The departmental projects include the Community based Adaptation in the Ecologically Critical Areas through Biodiversity Conservation and Social Projection Project, Development Initiative ”Bondhu Chula” Improve Cook Stoves Project, Development of Agricultural weather Forecasting system to protect agriculture from adverse impacts of climate change, Setting up Rubber Dam at Rangunia, the Araikha River Embankment Protection Project in Madaripur.
Thee other projects will be undertaken by local government and one NGO. Palli Daridro Bimochan Foundation will implement the Renewable Energy Development in remote off grid (Char and Haor) areas, Satkhira Zila Parishad will undertake a Rehabilitation Project, Mymensingh Municipality will carry out work to reduce Water-Logging in the area
Bangladesh has been nominated by the Least Developed Countries (LDCs) to the Green Climate Fund (GCF) to help poor countries fighting global warming, said Minister for Environment and Forests Dr Hasan Mahmud.
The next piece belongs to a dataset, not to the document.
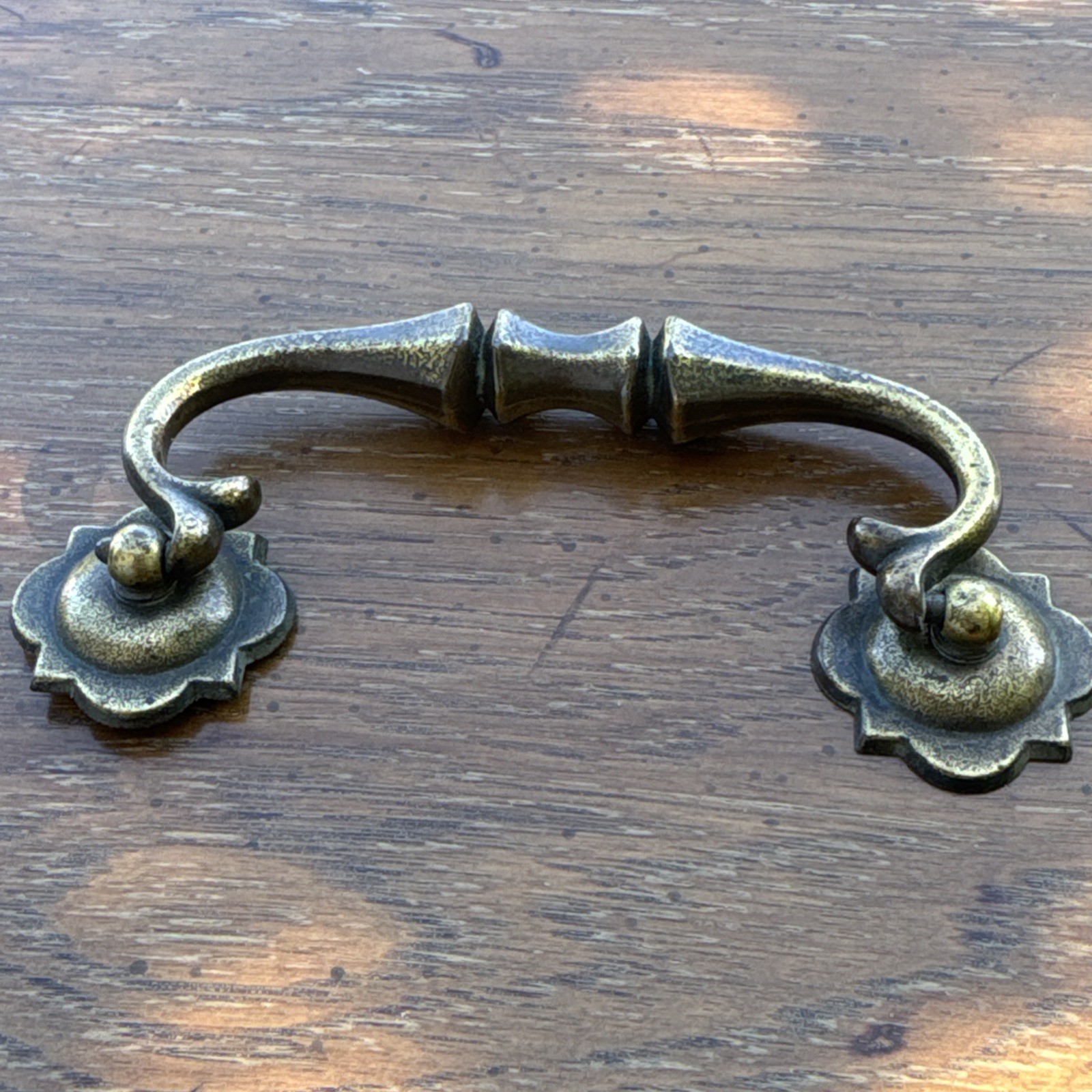 Drexel Guildhall Drawer Pull For Vintage Dresser Nightstand Credenza MCM Brass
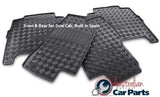 Floor Mats Rubber Front & Rear Set suits Nissan Navara Genuine 2010-14 DC Spain Built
The minister disclosed on 14th May 2012 at a seminar in Dhaka on adaptation programme to face climate risk saying Bangladesh's nomination to the GCF is the recognition of its role by the climatic vulnerable countries in the international forum.
The GCF was launched at a UN climate conference in Durban last December to help channel up to $100 billion a year by 2020 in aid to poor, vulnerable countries to adapt to climate change and cut emissions.
The Bonn meeting on 14th May 2012 of the ad-hoc working group was the first step to negotiate a new global treaty by 2015 that for the first time will place rich and poor countries under a common legal regime to address climate change. Bangladesh participated in the Bonn talks.
The next UN Conference on Climate Change will be held in Doha and hopefully the new global accord will be completed by 2015, coming into effect in 2020.
Observers say the talks for the completion of the global treaty by 2015 will be arduous. The thorny issues include determining the agreement's exact legal status and apportioning carbon constraints among rich and poor countries. The Doha Conference will determine whether we will have to wait until 2020 for a new global treaty or be able to do it by 2015.
Bangladesh is playing a significant support role to the Chair of LDC Group and two important contributions Bangladesh has made so far. One is that Bangladesh has been highlighting the topic of loss and damage due to climate change backed by research inputs and the other has been the issue of displacement and migration of people due to submerge of lands because of sea-rise..
The Rio+20 Conference in Brazil will be held in June 20-22, 2012 in Brazil and the Conference is expected to focus on two themes—a green economy in the context of sustainable development as well as poverty eradication.
Bangladesh will participate in the Rio+20 Conference and is expected to highlight that the increase of population in the world poses a great risk to sustainable environment. The Bangladesh delegation also will raise how to ensure implementation of global political pledges both at international and national levels.